The voice is ever-so-slightly guttural, in a sexy sort of way. The rolled r’s trip off the tongue like everyday French. The melodies lie somewhere between the boulevard, the variety show and the smoky allure of cabaret.

The genre is known as “chanson” – the French word for ballad or music-hall song, although “song” is too general a description for the titles Anne-Sofie von Otter has added to her repertoire in recent months. The Swedish mezzo-soprano, renowned for her exquisite vocal deportment in Bach, Berlioz, Mozart and Mahler, is showing her adventurous side. After 30 years at the top of her profession, she has started singing “Parlez-moi d’amour”, “A Paris” and “Padam Padam” – mid-20th century chansons made famous by Yves Montand, Edith Piaf and others, and now recognised as timeless.

For most classical singers this would be risky, not to say foolhardy, but few have von Otter’s language skills, stylistic versatility and spirit of musical inquiry. Over the past 15 years she has proved a dab hand at switching genres, without making it look like crossover. In a string of offbeat projects she has collaborated with singer-songwriter Elvis Costello, Abba’s Benny Andersson, American jazz pianist Brad Mehldau– and even survivors of Theresienstadt, the Czech concentration camp out of which came a rich repertoire of art songs, cabaret songs and lullabies. The results have never been less than engaging.

Now it’s the turn of Douce France (Sweet France) – the Charles Trenet song that gives its name to von Otter’s new double-album of chansons and art songs, extracts of which she will perform at solo concerts this month in Paris, London, Amsterdam, Venice and Lyon. “I enjoy singing chansons: they seem to suit me, and people react positively,” she says, dispensing tea and cake in the kitchen of her homey Stockholm apartment.

“I like repertoire that’s non-classical, because you can do other things with your voice. I feel I can be creative. With classical, everything is written out. With chansons, you have a lot more freedom.”

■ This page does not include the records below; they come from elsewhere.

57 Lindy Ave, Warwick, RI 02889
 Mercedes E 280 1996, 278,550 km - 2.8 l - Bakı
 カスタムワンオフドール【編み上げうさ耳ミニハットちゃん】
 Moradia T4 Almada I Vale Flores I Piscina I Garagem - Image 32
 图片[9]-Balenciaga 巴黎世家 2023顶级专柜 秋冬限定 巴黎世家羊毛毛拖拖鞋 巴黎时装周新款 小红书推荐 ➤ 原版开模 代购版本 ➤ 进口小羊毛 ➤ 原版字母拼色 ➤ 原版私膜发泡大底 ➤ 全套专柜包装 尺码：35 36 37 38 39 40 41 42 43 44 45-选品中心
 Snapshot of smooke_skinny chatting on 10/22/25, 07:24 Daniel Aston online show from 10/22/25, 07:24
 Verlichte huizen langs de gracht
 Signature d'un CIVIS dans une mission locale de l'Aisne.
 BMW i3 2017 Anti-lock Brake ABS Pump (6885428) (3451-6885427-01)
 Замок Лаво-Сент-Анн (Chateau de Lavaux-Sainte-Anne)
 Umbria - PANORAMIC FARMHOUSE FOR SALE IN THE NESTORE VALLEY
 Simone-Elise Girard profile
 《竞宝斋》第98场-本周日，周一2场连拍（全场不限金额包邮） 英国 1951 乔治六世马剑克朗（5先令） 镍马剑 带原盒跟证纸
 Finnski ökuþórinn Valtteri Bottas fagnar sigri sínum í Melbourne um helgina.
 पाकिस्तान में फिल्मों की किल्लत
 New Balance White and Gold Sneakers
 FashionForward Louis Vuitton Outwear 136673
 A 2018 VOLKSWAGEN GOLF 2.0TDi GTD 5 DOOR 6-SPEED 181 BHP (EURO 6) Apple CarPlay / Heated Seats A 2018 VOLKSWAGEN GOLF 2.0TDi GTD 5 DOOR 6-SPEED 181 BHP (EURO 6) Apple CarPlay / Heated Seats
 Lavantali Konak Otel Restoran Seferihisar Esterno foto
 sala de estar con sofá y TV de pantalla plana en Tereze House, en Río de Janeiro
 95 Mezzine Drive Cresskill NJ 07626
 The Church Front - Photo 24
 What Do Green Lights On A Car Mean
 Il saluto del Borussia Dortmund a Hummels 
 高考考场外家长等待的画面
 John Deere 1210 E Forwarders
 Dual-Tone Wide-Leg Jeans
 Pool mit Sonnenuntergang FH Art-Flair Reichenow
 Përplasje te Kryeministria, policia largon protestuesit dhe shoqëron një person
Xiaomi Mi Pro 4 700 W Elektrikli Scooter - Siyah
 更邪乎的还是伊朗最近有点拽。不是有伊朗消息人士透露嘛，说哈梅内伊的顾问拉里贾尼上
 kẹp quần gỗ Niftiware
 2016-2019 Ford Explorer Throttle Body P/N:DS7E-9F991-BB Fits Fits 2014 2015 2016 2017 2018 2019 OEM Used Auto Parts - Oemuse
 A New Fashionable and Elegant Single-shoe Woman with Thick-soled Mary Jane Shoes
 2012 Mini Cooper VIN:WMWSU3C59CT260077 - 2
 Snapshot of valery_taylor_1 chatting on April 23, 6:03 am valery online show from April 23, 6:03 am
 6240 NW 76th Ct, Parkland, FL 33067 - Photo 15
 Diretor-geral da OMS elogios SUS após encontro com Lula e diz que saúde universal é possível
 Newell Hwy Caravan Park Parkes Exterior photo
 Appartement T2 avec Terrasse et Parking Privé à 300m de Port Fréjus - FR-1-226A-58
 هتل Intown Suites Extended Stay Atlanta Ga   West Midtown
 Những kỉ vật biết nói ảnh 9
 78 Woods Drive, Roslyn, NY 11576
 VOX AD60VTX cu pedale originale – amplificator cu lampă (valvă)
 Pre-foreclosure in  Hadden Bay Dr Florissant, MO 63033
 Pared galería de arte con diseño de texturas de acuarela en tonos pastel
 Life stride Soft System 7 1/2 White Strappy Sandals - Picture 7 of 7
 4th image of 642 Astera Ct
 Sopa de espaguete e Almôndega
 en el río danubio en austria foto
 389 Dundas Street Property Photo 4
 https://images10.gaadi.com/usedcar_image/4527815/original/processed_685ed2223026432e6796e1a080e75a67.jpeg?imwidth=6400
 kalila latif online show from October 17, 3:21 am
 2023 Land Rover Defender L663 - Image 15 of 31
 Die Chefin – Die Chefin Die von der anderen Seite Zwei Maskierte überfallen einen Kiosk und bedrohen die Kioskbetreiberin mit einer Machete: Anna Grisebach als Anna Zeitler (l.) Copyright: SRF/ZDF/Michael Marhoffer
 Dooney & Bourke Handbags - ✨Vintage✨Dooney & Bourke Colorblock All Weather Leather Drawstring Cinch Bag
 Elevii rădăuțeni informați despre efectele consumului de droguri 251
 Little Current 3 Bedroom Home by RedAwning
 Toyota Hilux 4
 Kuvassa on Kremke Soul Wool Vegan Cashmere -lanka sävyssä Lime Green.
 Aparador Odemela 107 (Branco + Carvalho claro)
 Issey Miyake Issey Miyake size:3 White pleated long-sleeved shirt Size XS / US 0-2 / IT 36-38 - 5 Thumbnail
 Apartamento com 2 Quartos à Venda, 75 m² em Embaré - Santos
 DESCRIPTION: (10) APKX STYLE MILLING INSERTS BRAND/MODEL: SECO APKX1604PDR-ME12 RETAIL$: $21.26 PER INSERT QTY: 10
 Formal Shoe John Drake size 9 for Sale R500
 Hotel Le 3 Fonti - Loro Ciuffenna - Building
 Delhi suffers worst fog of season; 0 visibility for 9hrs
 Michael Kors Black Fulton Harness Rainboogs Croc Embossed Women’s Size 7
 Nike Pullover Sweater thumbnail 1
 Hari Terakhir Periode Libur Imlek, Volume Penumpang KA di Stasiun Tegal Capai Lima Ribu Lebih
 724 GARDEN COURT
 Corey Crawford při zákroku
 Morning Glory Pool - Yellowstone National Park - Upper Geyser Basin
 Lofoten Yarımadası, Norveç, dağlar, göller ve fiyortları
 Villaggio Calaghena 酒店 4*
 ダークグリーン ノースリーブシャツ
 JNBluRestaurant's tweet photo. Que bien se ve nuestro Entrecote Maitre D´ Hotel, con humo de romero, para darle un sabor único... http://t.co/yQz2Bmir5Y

Von Otter, 58, the daughter of a Swedish diplomat, has been familiar with the idiom since adolescence. Her parents had LPs of Montand and Piaf, and packed her off at 18 to the south of France to learn the language. “There has never been a time when I have not sung that repertoire,” she chuckles, recalling early boyfriend experiences in Montpellier and Aix-en-Provence.

But it’s not enough just to “enjoy” chansons or savour their romantic sentiments. They need to sound authentic: a challenge that goes beyond pronunciation. Acquiring the unwritten nuances took time and effort, she says.

“When you watch films of Montand, you can see he was an overall artist, so natural compared to American crooners. The great chanson singers sang in everyday French, pulling the words together, sometimes not pronouncing certain syllables. It can be quite hard to decipher. “A Paris” [a Montand classic] has so much text – I had to sing it over and over again to get my tongue around the words. “Boum!” [a Trenet song] took me years. You need to ‘chatter’ the lines.”

Judging by these and other tracks on Douce France, von Otter wears her hard work lightly. But that has always been the case, ever since she graduated from London’s Guildhall School in 1982 and joined the opera ensemble of the Basel municipal theatre in Switzerland, where I first heard her as Hänsel (Hänsel und Gretel), Clairon (Capriccio) and Alcina (Orlando Paladino). Tall but down to earth, von Otter went on to conquer Covent Garden, the Met and Salzburg. She has achieved just about every goal, and sung most roles, that a mezzo could desire. Married to theatre director Benny Fredriksson, she also mothered two boys, now in their twenties.

A case of “Je ne regrette rien”? Mention of Piaf’s signature song brings a wry smile to von Otter’s blonde features. “You can’t get anywhere near her,” she confesses, adding that this was one track she knew she had to avoid. “Piaf had such intensity – she chose a certain type of song that suited her. They don’t suit me.”

But two Piaf songs did make it on to Douce France, transposed down “so that I can sing them with my natural voice. Some classical singers can’t do that, because their voice training has become so much part of their muscular reflex. If it lies too high, I have to start pushing, and it just sounds wrong.”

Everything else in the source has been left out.